I just finished my first real semester at UTEP (not counting a summer session course), and my comics offerings were slim but good. Students in my "Dramatic Modes of the English Language Arts" were asked to read from Big Fat Little Lit and/or the Smithsonian Collection of Comic-Book Stories. Students on my "English Lab" course had the opportunity to craft lesson plans from excerpts from Will Eisner's "Izzy the Cockroach" and the web-comic version of "After the Deluge." I also had an article on graphic novels and the "Genre vs. Format" debate published in The ALAN Review, was part of an NCTE web seminar on teaching graphic novels, was part of 4 presentations on sequential art and literacy at the NCTE national convention, and was a keynote or guest speaker at several state-level NCTE conferences (New Hampshire, Iowa, Oregon and North Carolina).
As full of comics goodness as 2008 was for me and those willing to listen to me, Spring semester and the first half of 09 look to really be buzzing with Carter-crafted graphic novel pedagogy excitement!:
1. I'll have an article on graphic novels in a journal with major circulation that should finally extend the conversation on GN's and education beyond the "phase 1" mode of defining and listing. More on that when it is available, but expect something in March in a journal that reaches almost 110,000 readers.
2. I'll be teaching my "English Lab" course again and will touch on graphic novels in the same ways as mentioned before and in asking students to consider full definitions of text, reading, literacy, and the English Language Arts as defined by NCTE.
3. I'll be offering a special topics graduate-level course entitled "Teaching the Graphic Novel" which will explore research and scholarship on teaching GN's in k-12 settings with multiple student populations. And, of course, we'll be reading great graphic novels -- standards like Maus and Persepolis -- and newer titles like La Perdida, American Widow, and The Education of Hopey Glass. We'll throw in some comics scholarship, some critical theory, and some process assignments and hopefully have a blast.
4. In that class, we'll be reading Watchmen, and I hope to be able to work with an area theatre to host a special viewing for my class and maybe even do a talk on the novel before or after the viewing. Let's hope all the red tape clears and the movie actually makes it to the box office!!

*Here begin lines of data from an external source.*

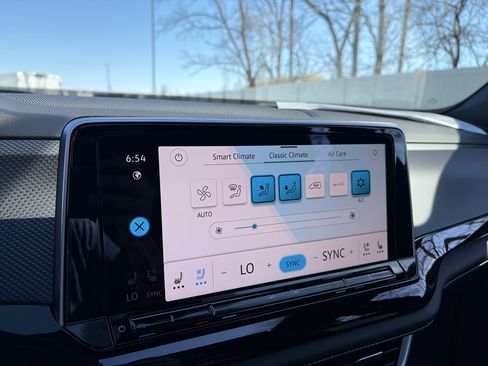 New 2026 Volkswagen Atlas Cross Sport SEL image 59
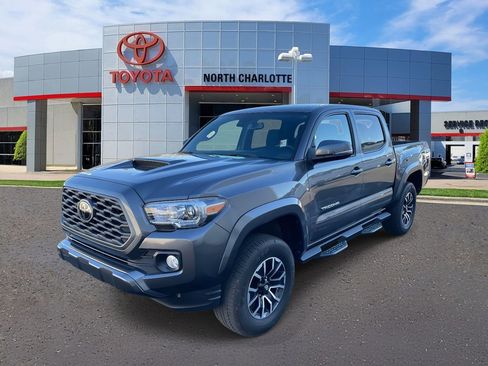 Used 2023 Toyota Tacoma TRD Sport image 6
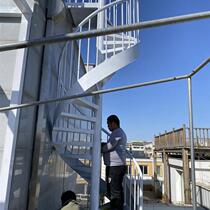 Beijing outdoor staircase spiral staircase balcony staircase straight beam staircase attic staircase climbing attic production direct sales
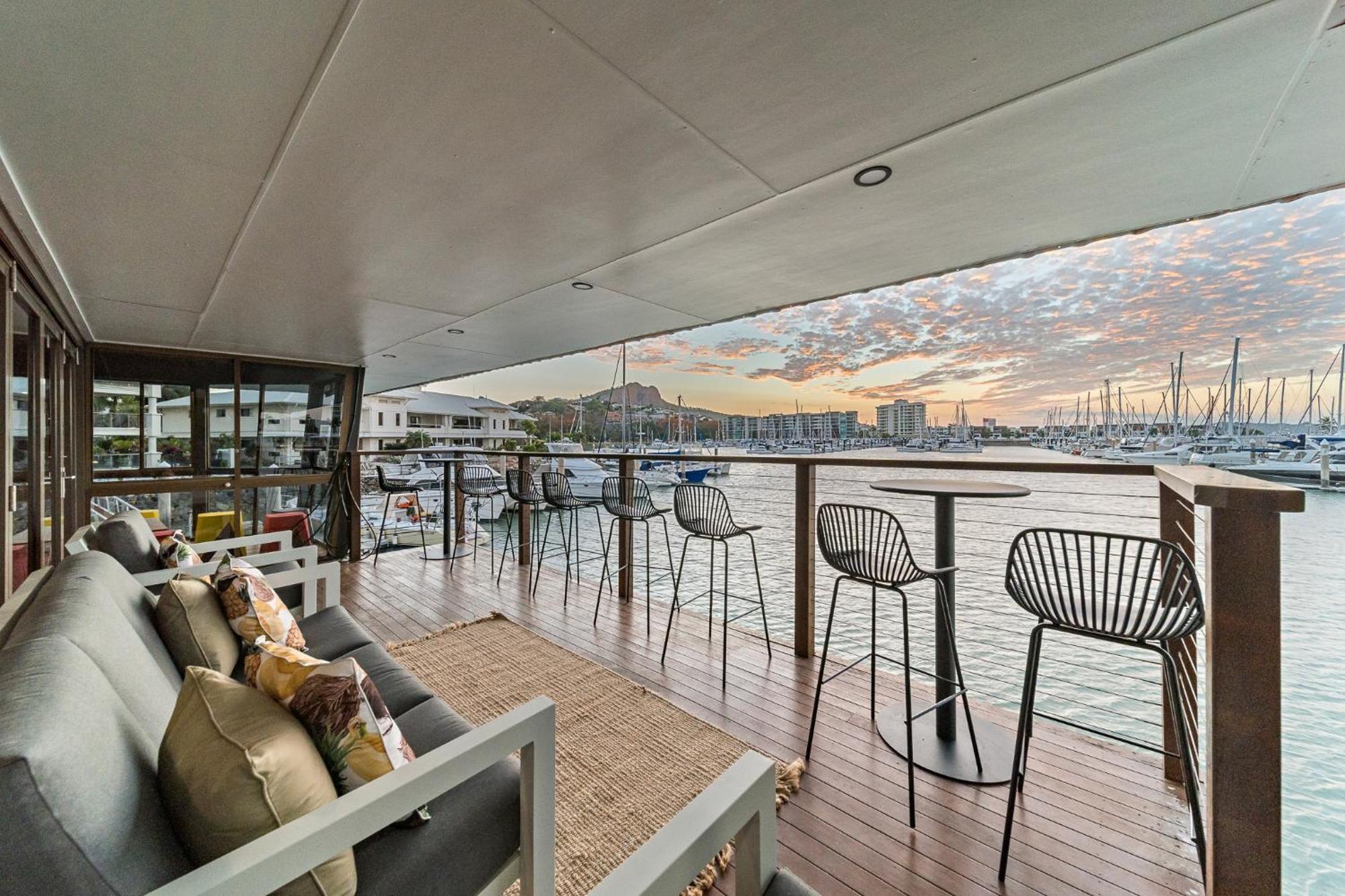 The Pier Pods On The Water- 50M From Townsville Bus Terminal And Ferry Terminal- Passport Id Requried ภายนอก รูปภาพ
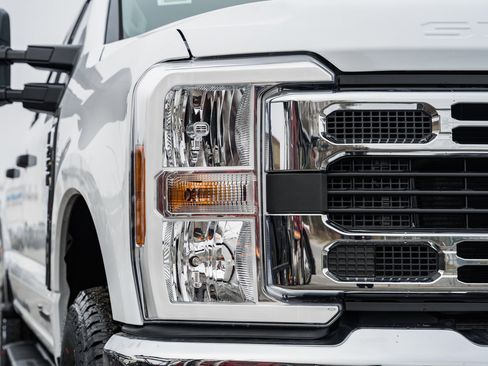 New 2026 Ford F250 XLT w/ FX4 Off-Road Package image 10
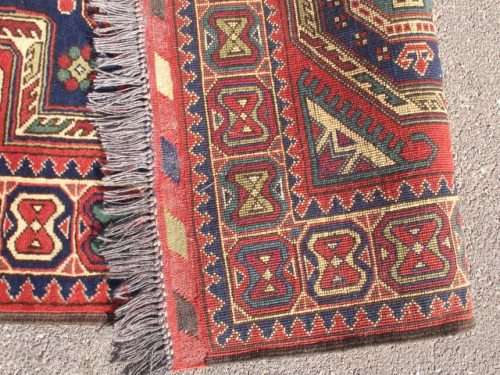 LOVELY HAND WOVEN PERSIAN CARPET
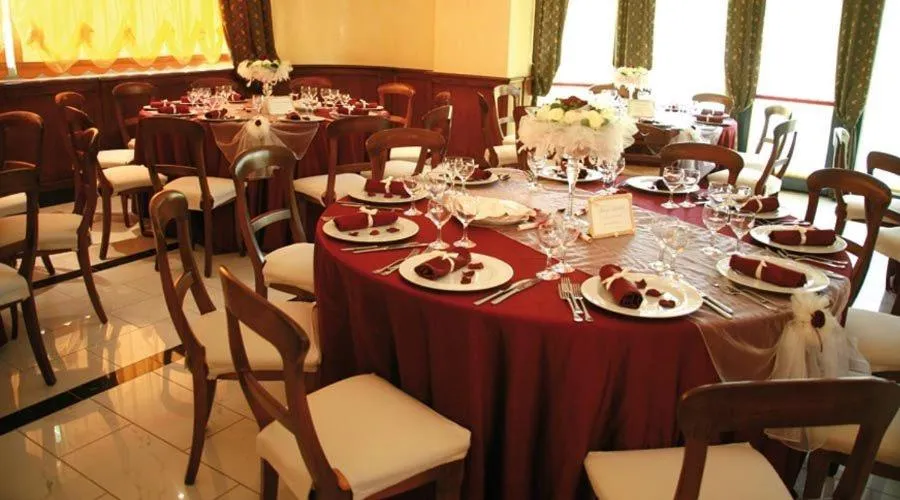 Restaurant/places to eat in Albergo Ristorante Uliveto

5. I'm hosting a mini-conference on "The Comics in El Paso" which I should have subtitled "Border Issues" since the folks who will be speaking, Jaime Portillo, Julian Lawler, and keynote Jai Nitz will all talk about how El Paso and Juarez influence or influenced their recent work, and one reads comics by literally crossing borders from panel to panel.
6. I have had major positive news from my publisher about my second edited collection on teaching graphic novels and will be very busy getting the manuscript prepped for an Autumn 09 debut.
7. Number 6 happened in part because my first book on the subject, Building Literacy Connections with Graphic Novels: Page by Page, Panel by Panel, continues to do well. It is in its second printing and has broken the 100,000 rank at Amazon.com several times over the past few months. That might not ever top the time I saw it in the top 15,000 titles, but that's still pretty good.
8. There's the possibility that a chapter in a book on teaching graphic novels at the college level might finally get published and also coincide nicely with the release of the Watchmen movie, and I have at least two other chapters or articles accepted on comics and pedagogy for further-down-the-road ventures, and I have three entries for the upcoming revised edition of an encyclopedia of comic art to get to the editor.
9. I'll also be continuing work on the conference front: I'll be a keynote speaker at the first-annual Graphica Conference in NYC, assuming the parties involved can get some things sorted out, and I'll be workshopping on comics and literacy elements in Missouri at the big "Write to Learn" conference.
And that's just what I know for now. I'll keep looking for new possibilities and doing scholarship/research on SANE issues 'till it drives me crazy, or 'till it tenures me. Oh, hell, who am I kidding? I'll keep at as long as I'm able, which I hope will be a long time.